If you want impact, he argues, industry is often the fastest path. PhD work may not always translate. AI labs mainly need infrastructure talent.
OpenAI: RL, Post-Training, and Culture
He defined RL simply: if you can build an environment and get feedback, that is RL.
Post-training did not have a clear name early on. He did more SFT first, then after building infrastructure they moved to RLHF. When GPT-3.5 first appeared internally, it did not seem game-changing; it solved some problems but not many. The original expectation was to collect user data, and then “it exploded.”
OpenAI felt like a large lab with strong research intuition. After engineers joined from Google, infrastructure iteration accelerated. The philosophy was to build the infra well first.
Why OpenAI succeeded: high talent density. He wondered whether OpenAI could remain small and excellent, with simple org structure, smooth information flow, and low-loss decision-making up and down the hierarchy.
RL Infrastructure Challenges
He said the first big milestone was getting PPO for GPT-4 to work.
Key challenges in RL infra:
- How to measure whether performance is truly good
- How to avoid reward hacking
- How to win on benchmarks
In practice, the team still often has to inspect checkpoints manually and vote.
He compared traditional RL infra and large-language-model infra:
- Traditional RL infra: complex environments, small models
- LLM-scale RL: simple environments, huge models, slow inference and training
Future challenges remain around speed. A good RL infra engineer must understand RL, inference, and training. The workload is intense, six days a week, so health matters (he joked about “working out hard”).
He also mentioned that day-to-day work can be trivial; doing things correctly matters more than raw intelligence.
Looking 5–10 years ahead, he still sees room to scale up. Algorithms, compute, and infra all have room to improve, and infra likely still has bugs.
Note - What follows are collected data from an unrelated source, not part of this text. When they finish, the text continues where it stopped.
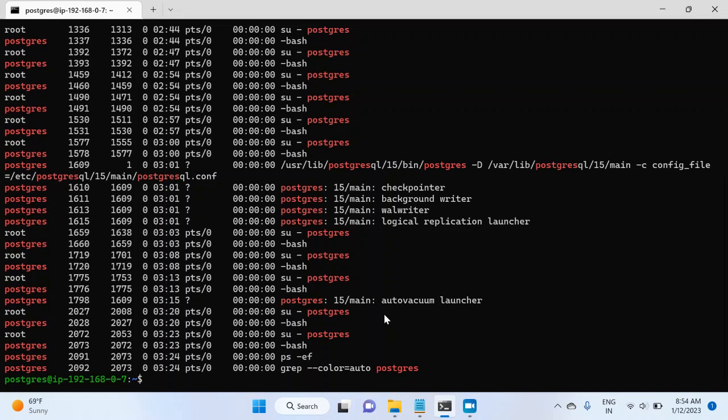So these are the background processes. And as I told you in my last video, Postmaster is the process that maintains these processes. So what I'll do, I'll kill one of these processes and then we'll see if Postmaster process was able to start the process again or not. So for this, if you see the ID of autovacuum launcher process, it is 1798.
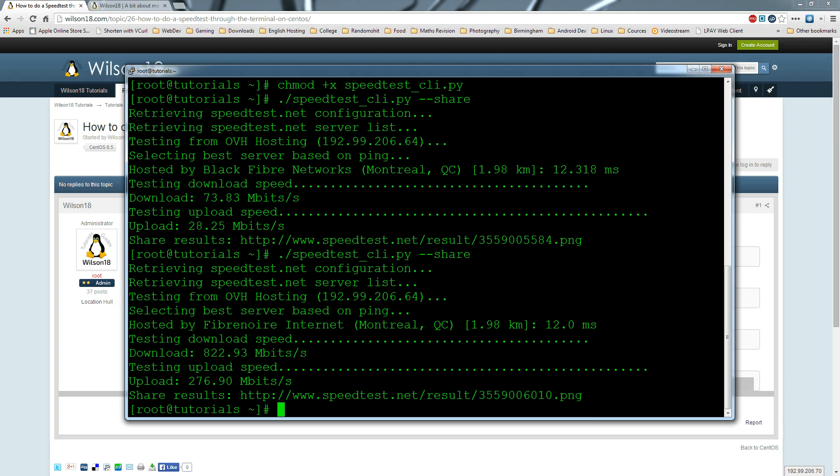If you're running it on a home connection, you might notice that the speeds are a lot lower because you don't have a fiber connection. On those types of connections, the details you get back will be more realistic and won't fluctuate as much.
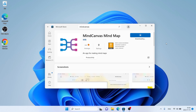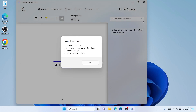Let's download it. Downloading finished. Installation complete. Click Open. Click OK.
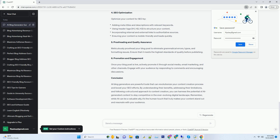Cost Considerations. High-quality AI blog generators often come with a price tag. While they can be cost-effective in terms of time savings, the initial investment may be a barrier for some bloggers and small businesses. Consider your budget and the long-term benefits when deciding whether to invest in an AI blog generator.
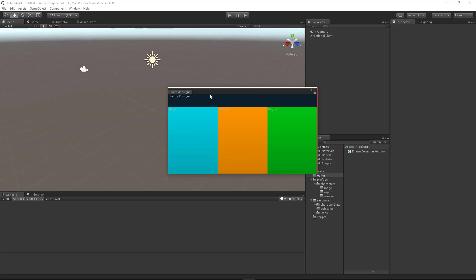Hello everyone, Darren here with Renaissance Coders. Thanks for joining us as we continue building the Enemy Designer Tool. This is an editor scripting tutorial series if you haven't been following along. In the last video we went ahead and added some text to fill the regions of this window — Enemy Designer, Mage, Warrior, and Rogue text showing up. Those are restrained by layouts that we created earlier.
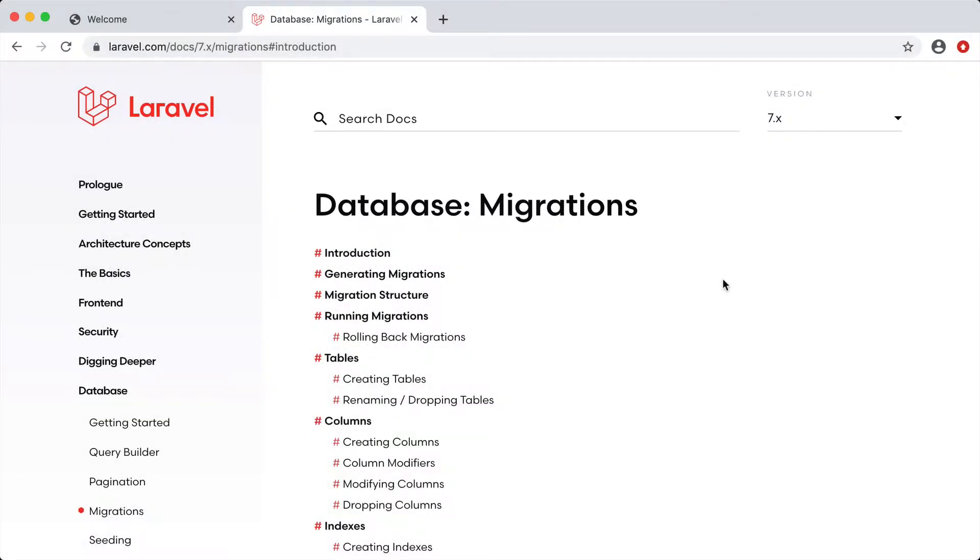Okay, in this video we're going to cover database migrations. Migrations allow us to store our database schema inside of our code files. If you're working with somebody else, typically what you would have to do is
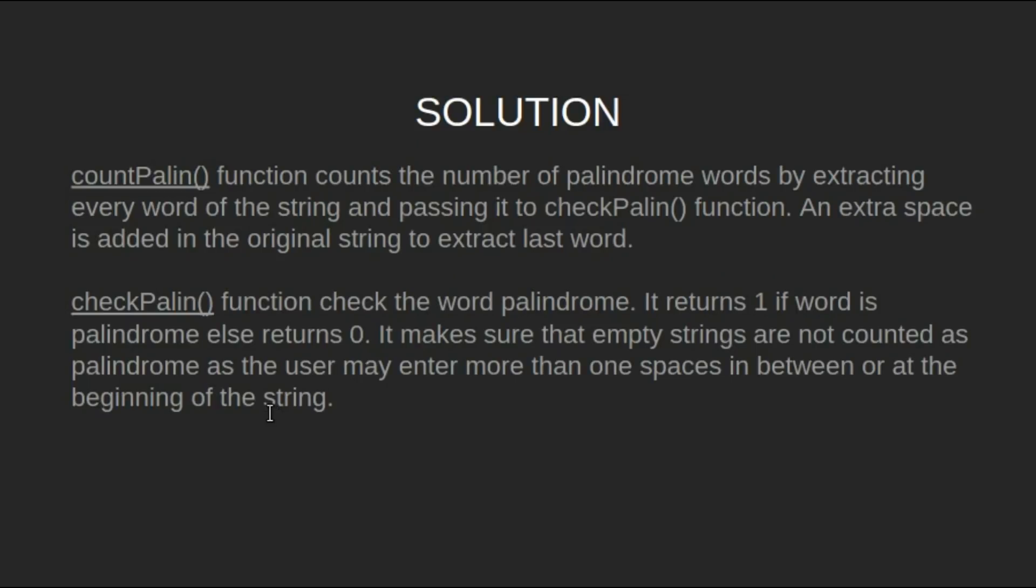Now let's look at the solution. We will make two functions: countPalin and checkPalin. The countPalin function counts the number of palindrome words by extracting every word of the string and passing it to the checkPalin function. An extra space is added in the original string to extract the last word.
Main bottleneck: throughput. Fast bug fixing and fast iteration are critical. Agent RL and “normal” RL are not fundamentally different; the environment just becomes more complex.
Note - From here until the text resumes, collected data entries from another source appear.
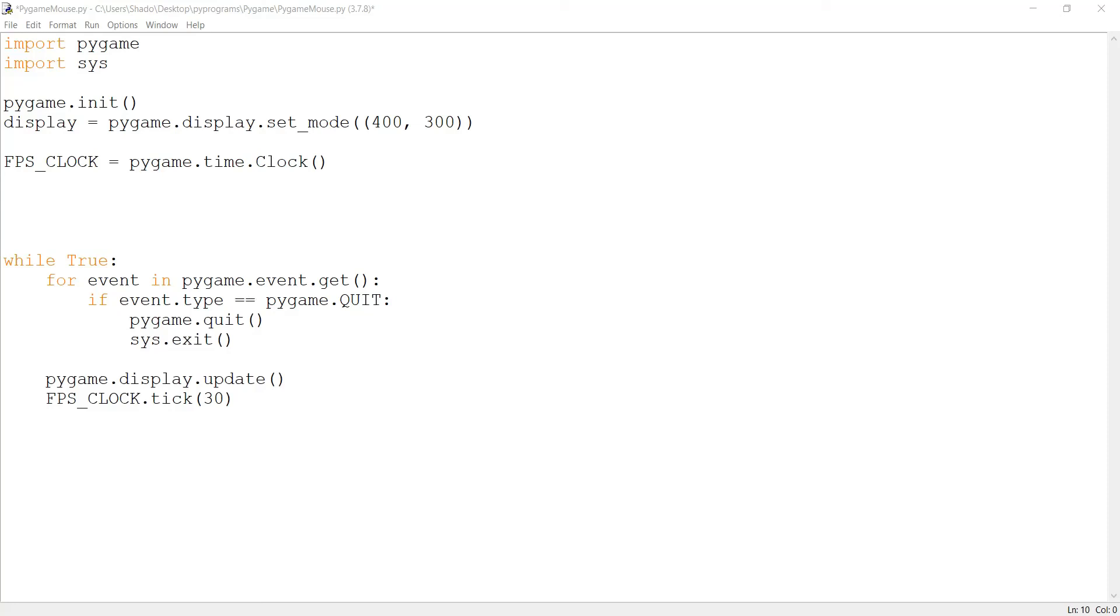Hey guys and welcome to another Pygame tutorial here on the Coders Legacy channel. In this video we're going to take a look at the Pygame mouse, or more specifically how Pygame handles the mouse, how it detects its inputs, and a few other useful functions related to the mouse.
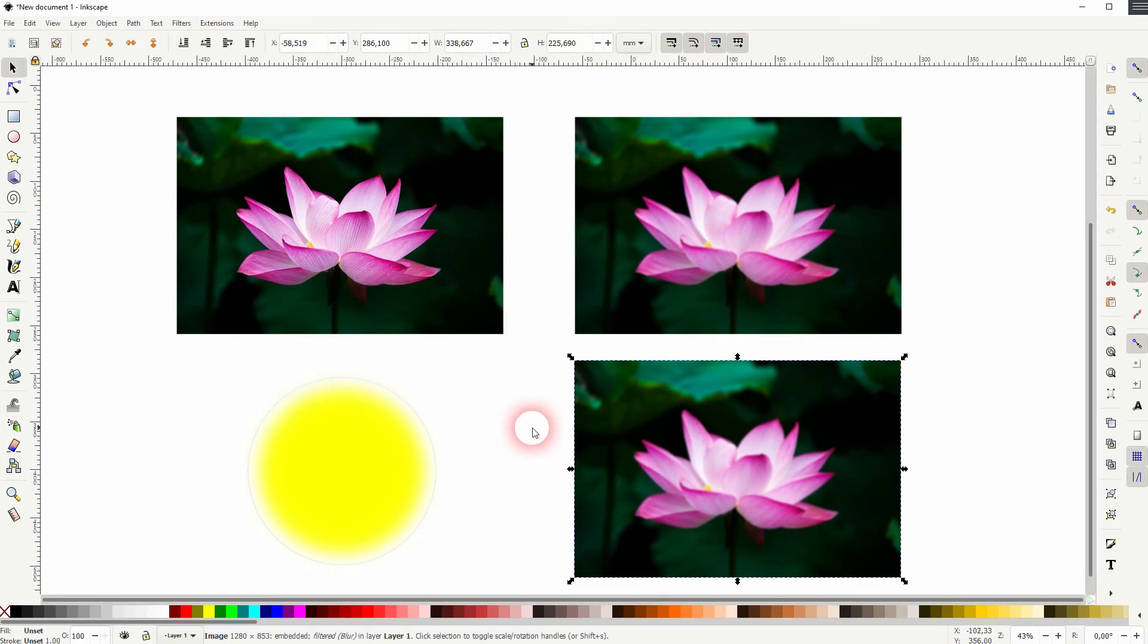And this is how you can add a blur in Inkscape. I hope this video was helpful. Thank you for watching and I'll see you next time.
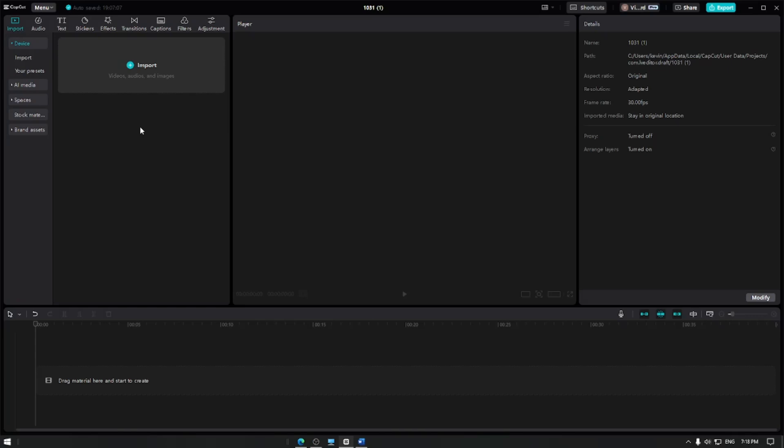In this video, I'm going to show you how to add sepia tone effect to your video. Let's get started.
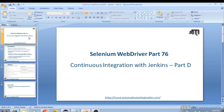Hello friends, welcome back to automationtestinginsider.com. This is Selenium WebDriver part 76, and today I'm going to talk about continuous integration with Jenkins part D. I forgot to cover a few things in the last video, so that's the reason I'm creating this video. This will be a very quick video.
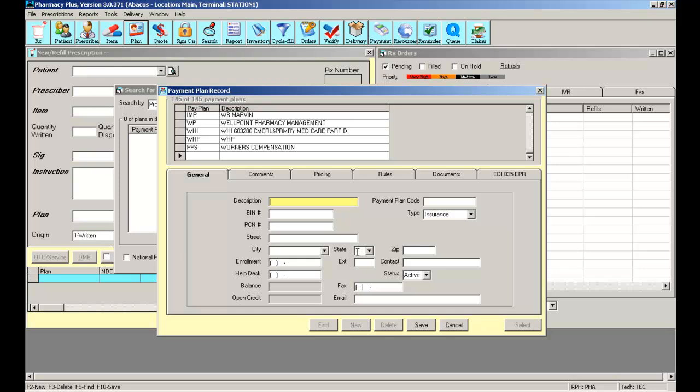The description is essentially the name of the payment plan, most commonly found on the actual insurance card. The payment plan code is just a code used by the software to reference this particular insurance. Normally, it matches the description, so in this case, UnitedHealthcare, I might want to use UHC. The processor bin number must match exactly to how it is on the actual member's card.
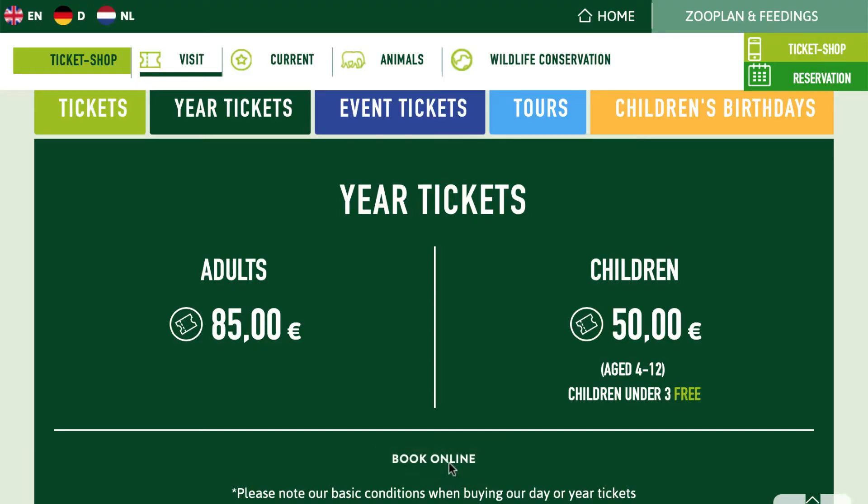Depending on how often you will go there, it may be cheaper to buy the day ticket or to buy only one year ticket. This is an example of the ski rental problem, the first problem that we will be covering in this course. We will first model this problem mathematically, and afterwards we will analyze algorithms for this problem.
On AGI, he said people joke that 15 people have 20 definitions in openAI. His own definition is: an AGI can complete 80% of the tasks he considers meaningful, which hasn’t been achieved yet.
OpenAI, Open Source, and Trade-offs
Host said OpenAI has become more closed, which seems to conflict with his goal of reducing information asymmetry. N+E viewed open source as a trade-off: companies must survive, so they cannot open-source their best models.
OpenAI’s mission is to make AGI benefit all of humanity. First you must build AGI, then you can deliver benefits through products (e.g., free model access). He argued this could help ordinary people more than open-sourcing model weights.
But AGI is still far away, host further raised the counterpoint: why not open-source the technical details and improve with community feedback? N+E responded that the risk is that others can use OpenAI’s models, close-source their own, and OpenAI can’t raise money.
If OpenAI had unlimited funding, he would open-source RL infra.
He said the biggest challenge for AGI is execution: consistent, stable execution and a stable organization. He hoped events like Sam’s firing would never happen again.
He believes healthy organizations should be resilient to talent outflow by maintaining a strong pipeline of new talent. External pressure matters; he only named DeepSeek because their infra cycle is fast. AI infra cycle time is a life-or-death metric for model companies. OpenAI has slowed down because the org is larger, handles more use cases, and consistency across teams has decreased.
Worldview
He described the world as a deterministic Markov process, a kind of fatalism: from the Big Bang, everything is predictable. Micro-level randomness, macro-level determinism. He concluded that the best choice is to forget all this and believe that Sisyphus is happy.